§ **Exercise**: Every line from the line containing "Kontaktlinsen gezeichnet" to the end of the data must appear in the answer exactly as it appears there, and nothing else.

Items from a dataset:
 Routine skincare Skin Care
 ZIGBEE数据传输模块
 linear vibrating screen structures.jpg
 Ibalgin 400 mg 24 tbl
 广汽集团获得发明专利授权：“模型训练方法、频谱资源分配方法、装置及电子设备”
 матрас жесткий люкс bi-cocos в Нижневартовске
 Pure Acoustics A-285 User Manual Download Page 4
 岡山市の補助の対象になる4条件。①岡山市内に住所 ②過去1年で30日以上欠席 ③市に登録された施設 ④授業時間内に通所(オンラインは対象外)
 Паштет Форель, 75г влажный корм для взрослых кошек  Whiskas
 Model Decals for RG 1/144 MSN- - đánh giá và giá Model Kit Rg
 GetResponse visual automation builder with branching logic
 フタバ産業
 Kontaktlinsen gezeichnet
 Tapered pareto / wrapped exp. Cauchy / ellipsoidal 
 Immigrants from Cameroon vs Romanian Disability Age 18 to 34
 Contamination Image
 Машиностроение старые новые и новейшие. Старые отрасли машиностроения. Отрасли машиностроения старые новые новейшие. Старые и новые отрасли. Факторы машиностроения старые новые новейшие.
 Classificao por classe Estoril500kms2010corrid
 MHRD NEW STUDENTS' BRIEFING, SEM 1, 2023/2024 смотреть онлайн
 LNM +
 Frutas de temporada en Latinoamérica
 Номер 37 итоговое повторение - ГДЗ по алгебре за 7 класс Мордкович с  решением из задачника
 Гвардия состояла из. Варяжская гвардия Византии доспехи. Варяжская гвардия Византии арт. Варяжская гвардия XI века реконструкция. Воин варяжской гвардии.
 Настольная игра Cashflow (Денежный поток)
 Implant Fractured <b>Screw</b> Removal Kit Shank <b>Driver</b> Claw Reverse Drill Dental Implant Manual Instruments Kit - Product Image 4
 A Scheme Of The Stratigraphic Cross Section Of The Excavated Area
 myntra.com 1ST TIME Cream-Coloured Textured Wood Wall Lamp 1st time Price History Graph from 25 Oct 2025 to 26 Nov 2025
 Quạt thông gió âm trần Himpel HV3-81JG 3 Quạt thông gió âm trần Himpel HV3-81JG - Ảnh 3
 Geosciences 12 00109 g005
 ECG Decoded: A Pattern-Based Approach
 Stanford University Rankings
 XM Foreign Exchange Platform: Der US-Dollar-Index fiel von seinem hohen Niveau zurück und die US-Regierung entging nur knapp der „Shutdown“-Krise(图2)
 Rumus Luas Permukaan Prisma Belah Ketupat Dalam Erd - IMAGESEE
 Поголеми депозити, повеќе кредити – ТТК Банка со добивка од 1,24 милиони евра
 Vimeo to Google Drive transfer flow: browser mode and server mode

§ **Written answer**:
 Kontaktlinsen gezeichnet
 Tapered pareto / wrapped exp. Cauchy / ellipsoidal 
 Immigrants from Cameroon vs Romanian Disability Age 18 to 34
 Contamination Image
 Машиностроение старые новые и новейшие. Старые отрасли машиностроения. Отрасли машиностроения старые новые новейшие. Старые и новые отрасли. Факторы машиностроения старые новые новейшие.
 Classificao por classe Estoril500kms2010corrid
 MHRD NEW STUDENTS' BRIEFING, SEM 1, 2023/2024 смотреть онлайн
 LNM +
 Frutas de temporada en Latinoamérica
 Номер 37 итоговое повторение - ГДЗ по алгебре за 7 класс Мордкович с  решением из задачника
 Гвардия состояла из. Варяжская гвардия Византии доспехи. Варяжская гвардия Византии арт. Варяжская гвардия XI века реконструкция. Воин варяжской гвардии.
 Настольная игра Cashflow (Денежный поток)
 Implant Fractured <b>Screw</b> Removal Kit Shank <b>Driver</b> Claw Reverse Drill Dental Implant Manual Instruments Kit - Product Image 4
 A Scheme Of The Stratigraphic Cross Section Of The Excavated Area
 myntra.com 1ST TIME Cream-Coloured Textured Wood Wall Lamp 1st time Price History Graph from 25 Oct 2025 to 26 Nov 2025
 Quạt thông gió âm trần Himpel HV3-81JG 3 Quạt thông gió âm trần Himpel HV3-81JG - Ảnh 3
 Geosciences 12 00109 g005
 ECG Decoded: A Pattern-Based Approach
 Stanford University Rankings
 XM Foreign Exchange Platform: Der US-Dollar-Index fiel von seinem hohen Niveau zurück und die US-Regierung entging nur knapp der „Shutdown“-Krise(图2)
 Rumus Luas Permukaan Prisma Belah Ketupat Dalam Erd - IMAGESEE
 Поголеми депозити, повеќе кредити – ТТК Банка со добивка од 1,24 милиони евра
 Vimeo to Google Drive transfer flow: browser mode and server mode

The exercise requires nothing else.